Birding by Boat Join award winning ornithologist, Daryl Christensen, on the banks of the famous Fox River and Lake Puckaway for a personally guided day of birding by boat.
Expect to see 50-100 or more species of birds depending on season and migration in un-spoiled Marquette County, Wisconsin as you travel some of the same routes taken by famous explorers Fr. Marquette, Schoolcraft and naturalist, John Muir, himself.
Expect to see and hear up close and personal: herons and egrets; sandhill cranes, waterfowl; pelicans; terns and gulls; rails, bitterns, shorebirds, raptors such as eagles and ospreys; purple martins and other swallows; marsh birds such as sedge and marsh wrens, swamp sparrows, yellow-headed blackbirds and more. During spring migration the trees along the riverbank are literally dripping with warblers and other passerines.
Past rare sightings include: Arctic tern, willet, white-faced ibis, peregrine, scoters, ruddy turnstones, pomarine jaeger, cattle egret and more.
Tours include a close-up view of habitats that are impossible to get to on foot, some of them unchanged since the Ice Age. Enjoy birding in a quiet atmosphere away from crowds and road traffic in a comfortable, stable boat.
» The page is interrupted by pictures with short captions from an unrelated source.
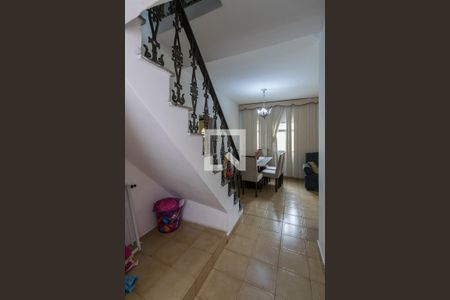 Sala 1 de casa à venda com 3 quartos, 400m² em Olaria, Rio de Janeiro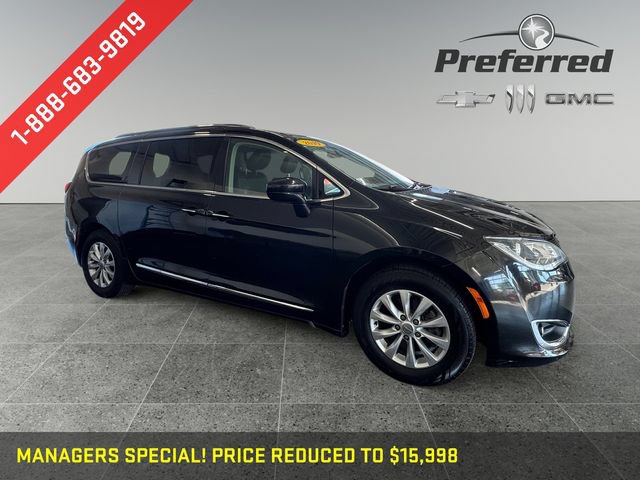 Used 2019 Chrysler Pacifica Touring-L FWD image 10
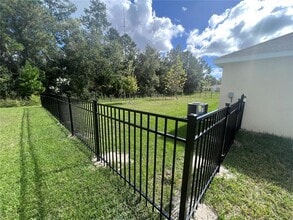 5162 Diantha Way in Brooksville, FL - Building Photo - Building Photo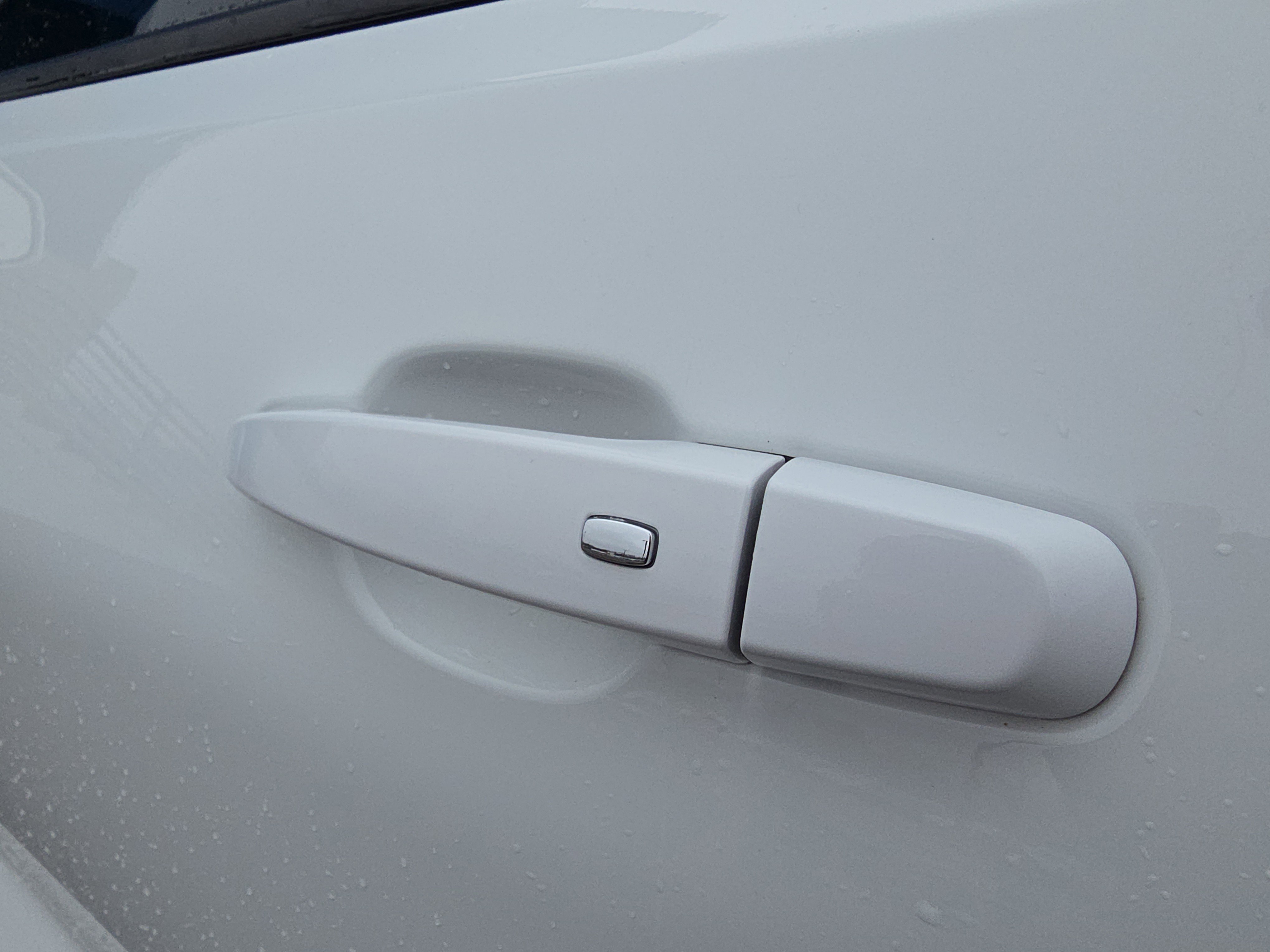 Used 2020 Chevrolet Camaro LT w/ RS Package image 13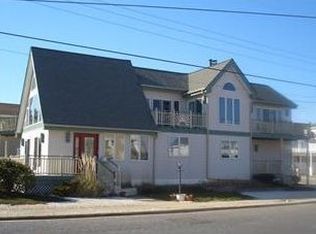 294 6th St, Avalon, NJ 08202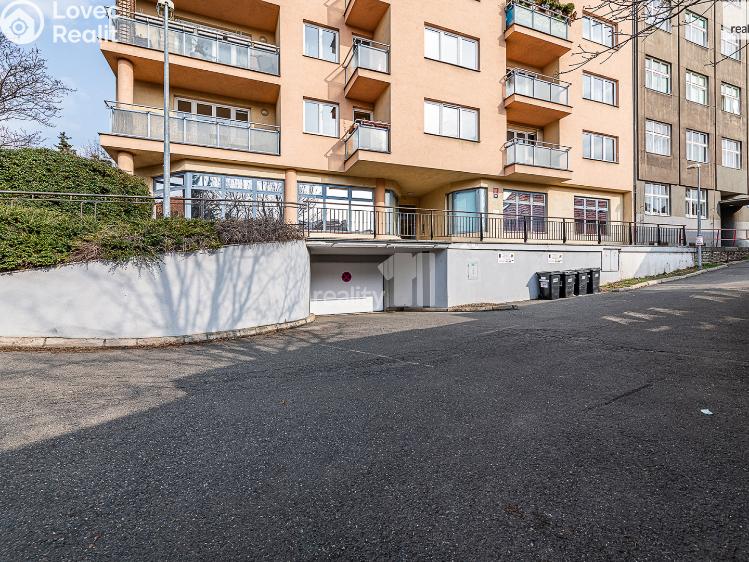 Pronájem bytu 2+KK Praha 10, Smolenská č. 20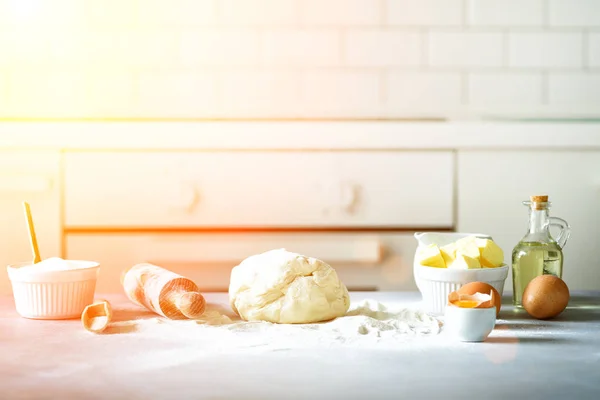 烘焙背景。烹饪配料的面团, 鸡蛋, 面粉, 糖, 黄油, 滚动针在白色的风格厨房。复制空间 — 图库照片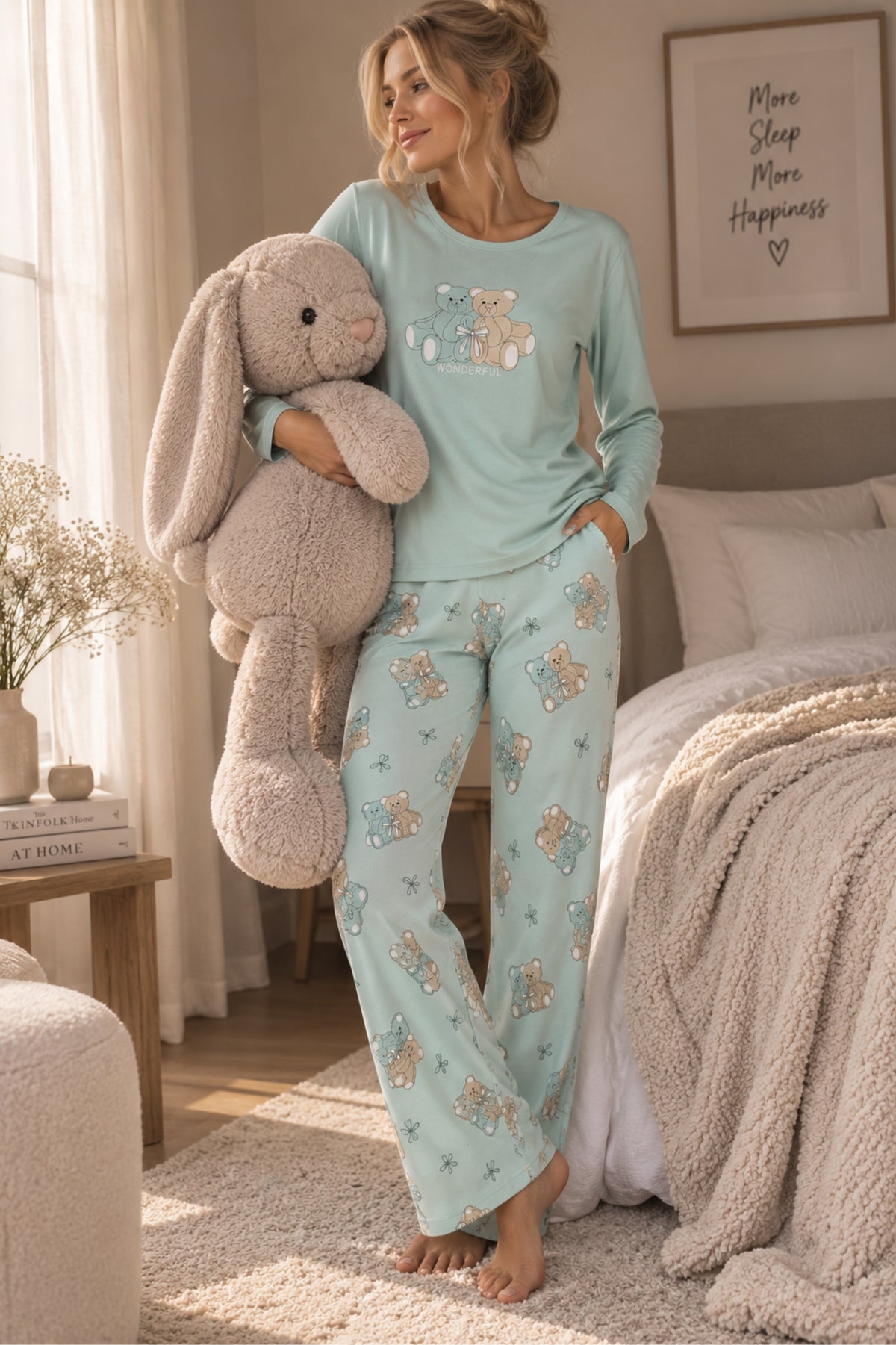 Дамска зимна пижама COCO MINT BEAR от две части блуза с дълъг ръкав и панталон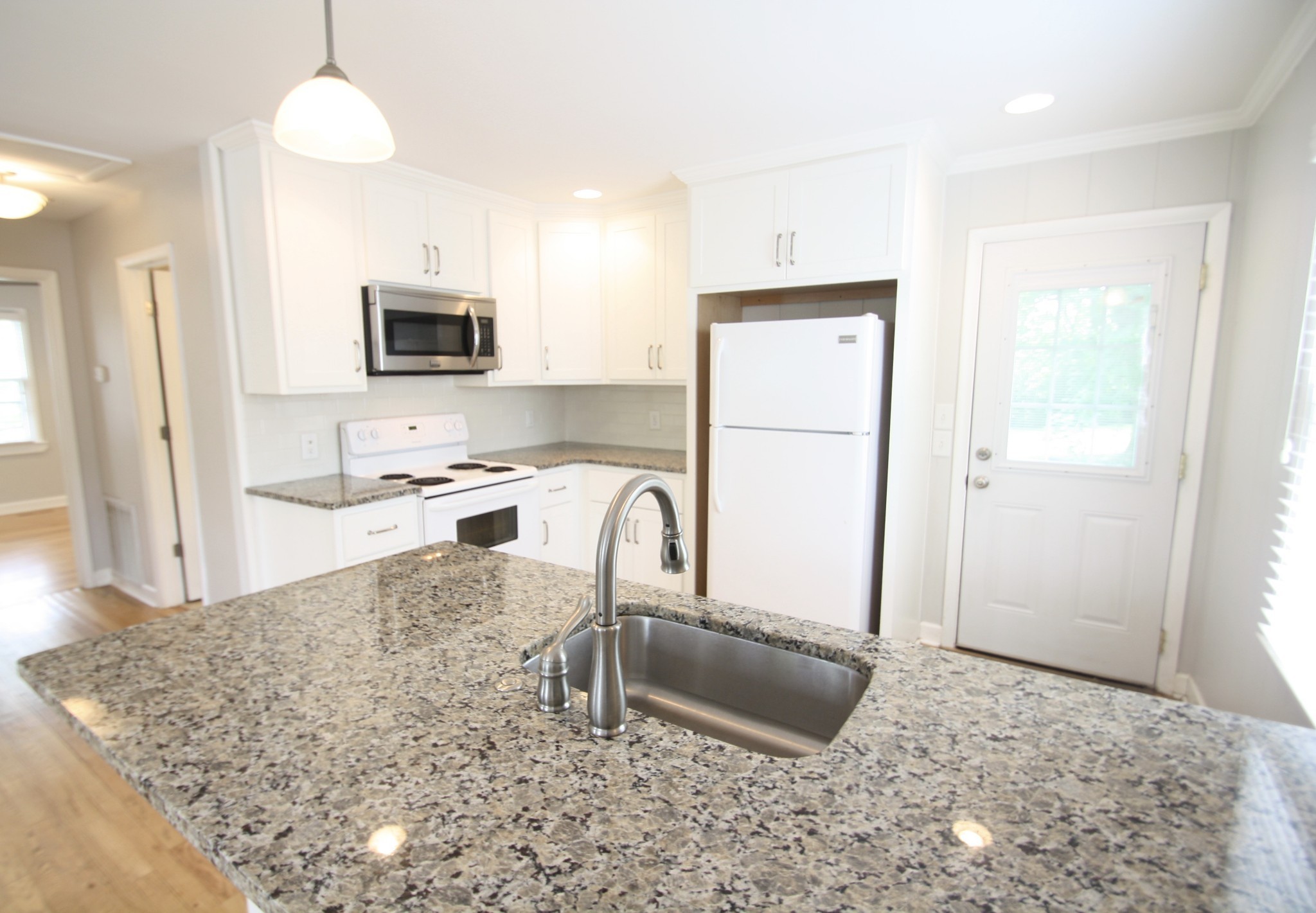 336 Chamberlin St Property Photo 4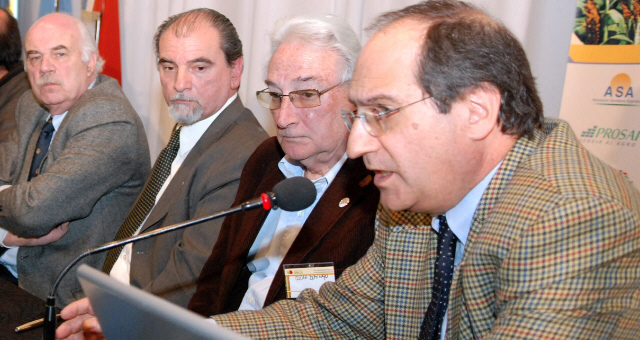 Basso junto a autoridades de Santa Fe y del INTA ayer en Venado Tuerto.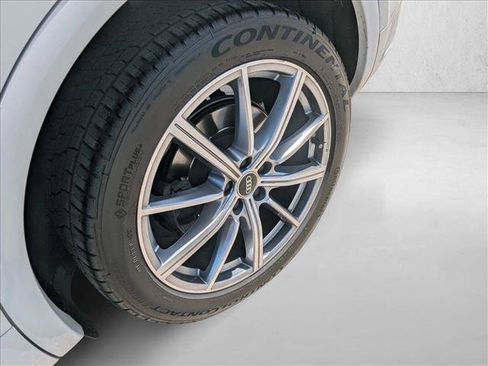 Used 2021 Audi SQ5 Premium Plus w/ Premium Plus Package AWD/4WD image 22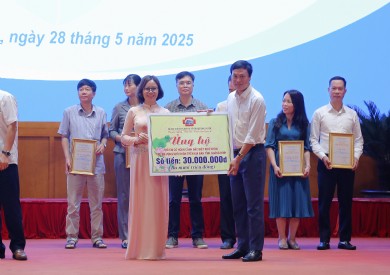 Hưởng ứng Tháng hành động vì trẻ em 2025: Bệnh viện Đa khoa tỉnh Quảng Ninh chung tay chia sẻ 30 triệu đồng ủng hộ trẻ em khó khăn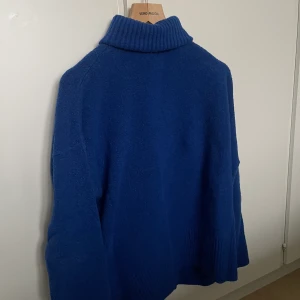 & other stories tröja - En kornblå stickad från & other stories, ord pris runt 500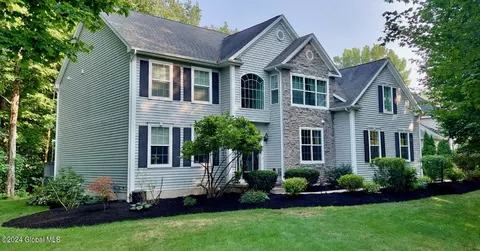 972 Mac Arthur Dr, Ballston Spa, NY 12020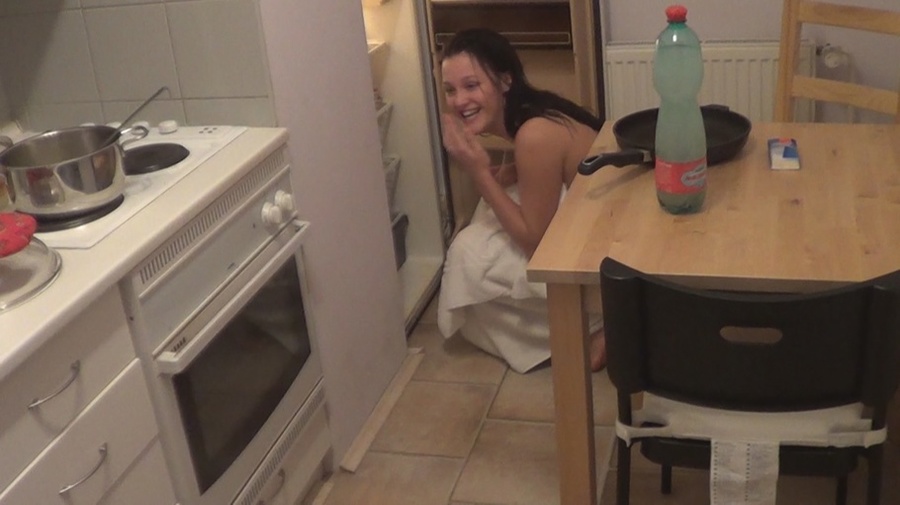 All-natural slender brunette gives a very g - XXX Dessert - Picture 1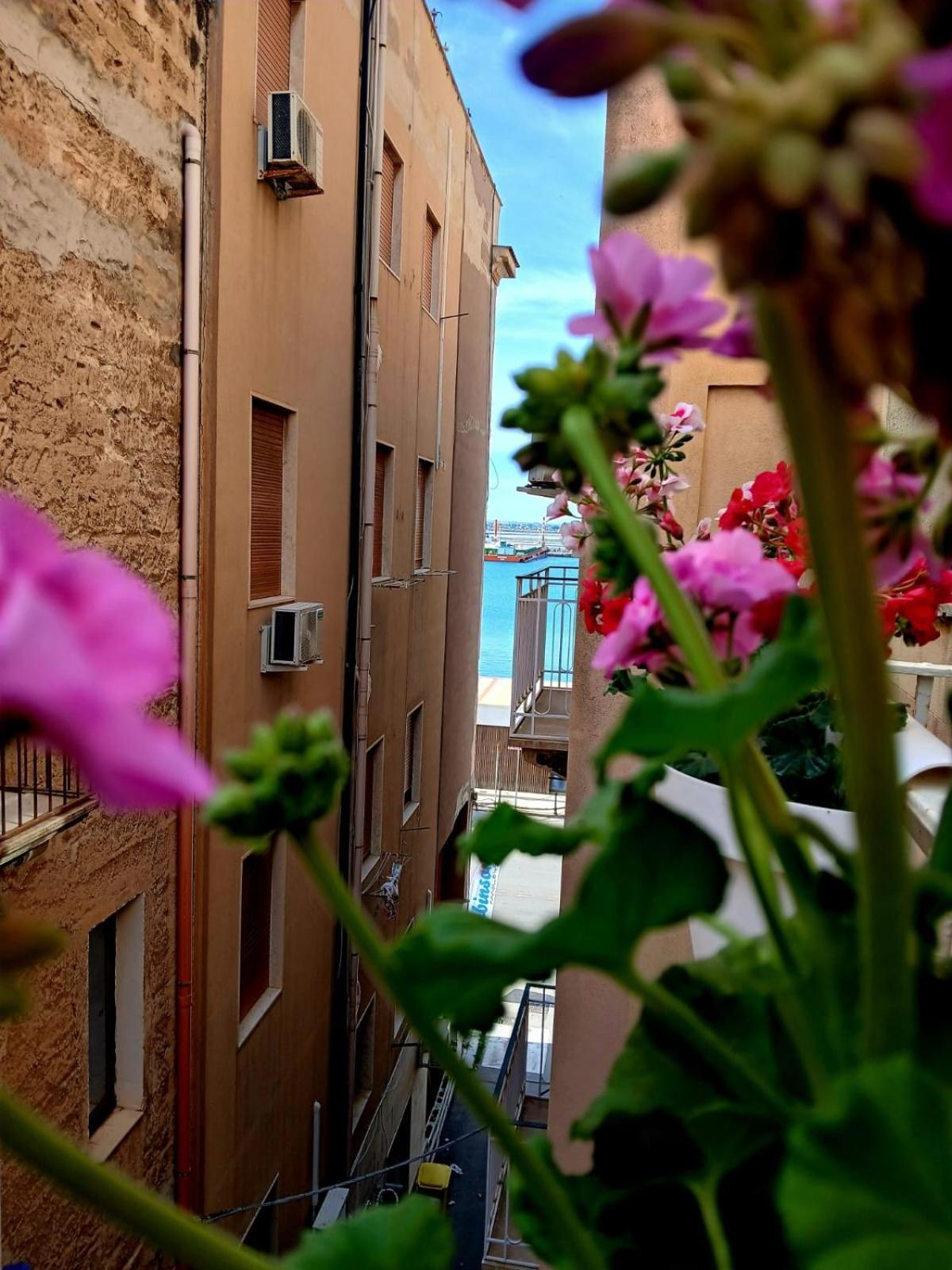 Apartamento A Casa Tutti Bene Trapani Exterior foto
What to bring: Your lunch, binoculars, spotting scope and camera. (photo ops are everywhere), clothing to match the weather. We supply life vests and 50 years of experience on the lakes, rivers and marshes.
Tours are limited to only 1-3 people per day. Cost is $125 for one person, $150 for two and $180 for three. Prices include transportation from Montello to birding sites, launch fees and boat fuel for the day.
Birding by Land Visit restored prairies, a rare restored oak savannah, pristine sedge-meadows, floating bogs and other wetlands, national and state wildlife refuges, Ennis Lake in the John Muir Park, Lake Puckaway and the upper Fox River. Learn the songs, calls and many behaviors of the birds. See other wildlife and learn to read the signs of wild creatures in their natural habitats.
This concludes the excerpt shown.